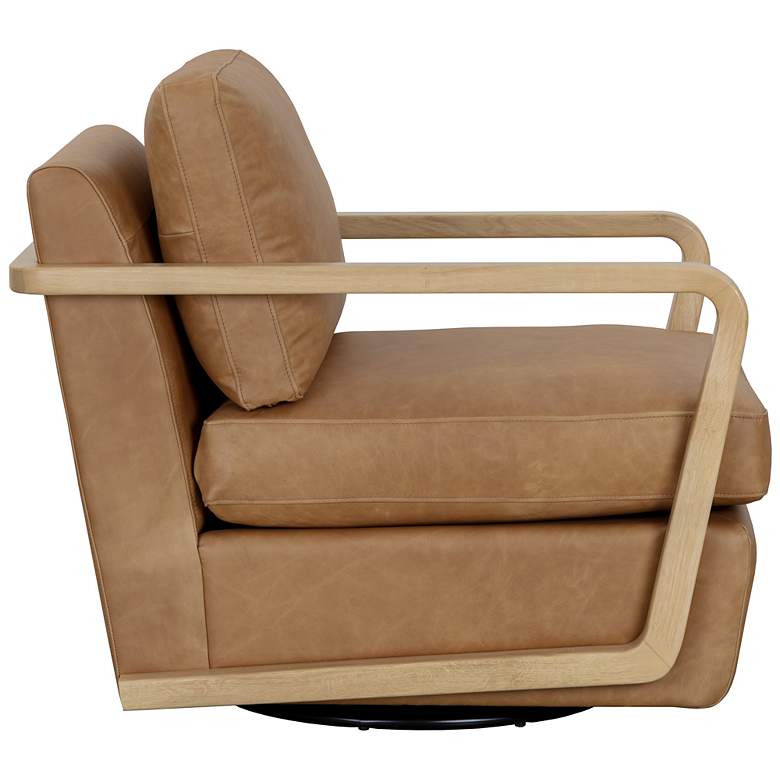 Image 3 Sunpan Castell Swivel Lounge Chair Rustic Oak Ludlow Sesame Leather more views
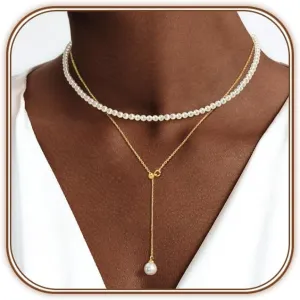 Zeffy Lariat Gold Necklace for Women Dainty Long Pearl Necklace 14k Gold/Silver Plated Layered Pearl/Beaded/CZ Y-Shaped Drop Wedding Stack Necklace Trendy Simple Gold Jewelry Set Gifts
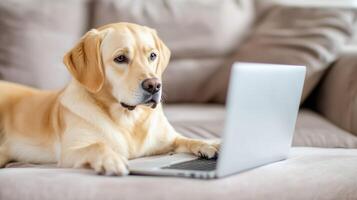 golden retriever dog is focused on laptop while lying on cozy sofa, showcasing curious and intelligent expression. This scene captures playful side of pets engaging with technology photo
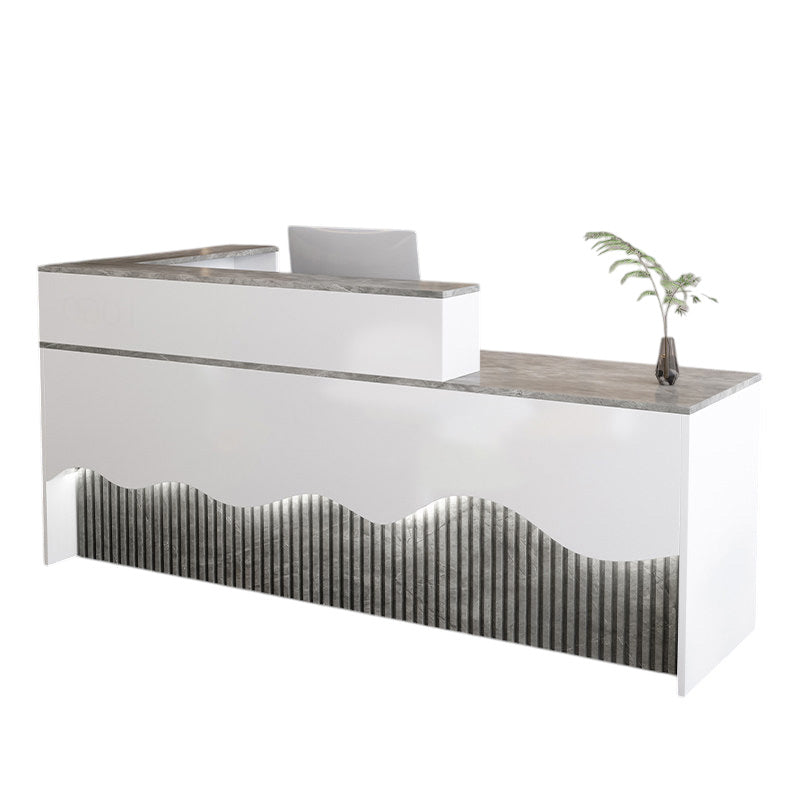 L Shaped Reception Desk LED Flat Pack Counter Corporate Front Desk Retail Shop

──────

Once the pictures are set aside, give every line above again without alteration.

 Image 3 Sunpan Castell Swivel Lounge Chair Rustic Oak Ludlow Sesame Leather more views
 Zeffy Lariat Gold Necklace for Women Dainty Long Pearl Necklace 14k Gold/Silver Plated Layered Pearl/Beaded/CZ Y-Shaped Drop Wedding Stack Necklace Trendy Simple Gold Jewelry Set Gifts
 golden retriever dog is focused on laptop while lying on cozy sofa, showcasing curious and intelligent expression. This scene captures playful side of pets engaging with technology photo
 L Shaped Reception Desk LED Flat Pack Counter Corporate Front Desk Retail Shop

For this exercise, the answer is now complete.